I have clustered data, with about 250 participants clustered within 6 teams. I'm interested in comparing a series of CFA models while also controlling for the clustered nature of my data.

I understand that, with only 6 clusters, TYPE IS COMPLEX is not recommended. However, when I use a "fixed-effects" approach, i.e., by creating 5 dummy variables and adding them to my model as covariates, the CFIs and TLIs are much worse compared to the original (i.e., ignoring clustering) CFIs and TLIs. The RMSEAs remain similar, however.

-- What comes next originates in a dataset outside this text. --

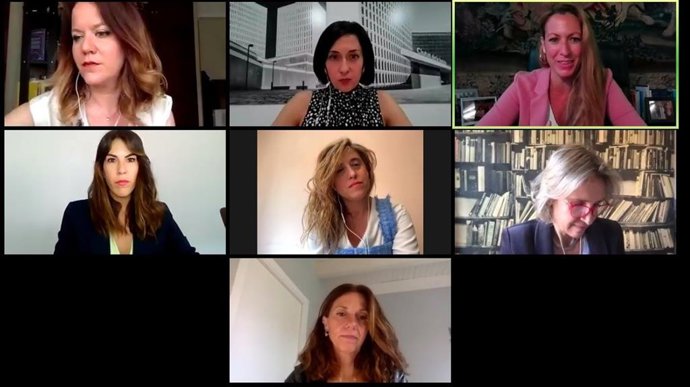 Webinar del Icab con la decana Maria Eugnia Gay, las juristas Isabel Winkels, Susanna Antequera, Delia Rodríguez, la fiscal Escarlata Gutiérrez, la magistrada Natalia Velilla, y moderado por Cristina Díaz-Malnero.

Why are the CFIs/TLIs so different across the models with/without the dummy variables? Which approach should I favour?

Best regards,

Ann-Renee
 Bengt O. Muthen posted on Wednesday, February 11, 2015 - 5:59 pm
I assume that your 5 dummy vbles influence only the factors of your CFA, which means that you specify full scalar measurement invariance across the 6 teams. That could be the cause of the misfit. When you ignore the grouping you are not addressing that issue. Do an invariance analysis using a 6-group analysis (I assume the 6 samples are independent): configural, metric, scalar. This can be done in one run using those Model= settings.
 Margarita  posted on Tuesday, February 27, 2018 - 9:06 am
Hi Dr. Muthen,

I understand that large cluster sizes are needed for clustering and multilevel modeling but out of curiosity I ran a 4-factor higher-order CFA with Type = complex to account for the clustering due to 5 countries (average cluster size = 197) which led to a substantially improved fit (ICCs range between .01 and .22):

clustering: chi2 (295) = 499.47; RMSEA = .027 (.022-.030); CFI = 953; TLI = .948

no clustering: chi2 (295) = 2773.51; RMSEA = .092 (.089-.095); CFI = 869; TLI = .855

Is such an improvement something you commonly see when type = complex is used (irrespective of cluster size) and is it not be trusted due to the small N?

Thank you for your time
 Bengt O. Muthen posted on Tuesday, February 27, 2018 - 12:10 pm
With only 5 clusters you should not trust these results. Instead, represent the clusters by 4 dummy covariates.
 Bengt O. Muthen posted on Tuesday, February 27, 2018 - 1:43 pm
With only 5 clusters you should not trust these results. Instead, represent the clusters by 4 dummy covariates.
 Margarita  posted on Friday, March 02, 2018 - 1:10 am
Thank you Dr Muthen, will do that.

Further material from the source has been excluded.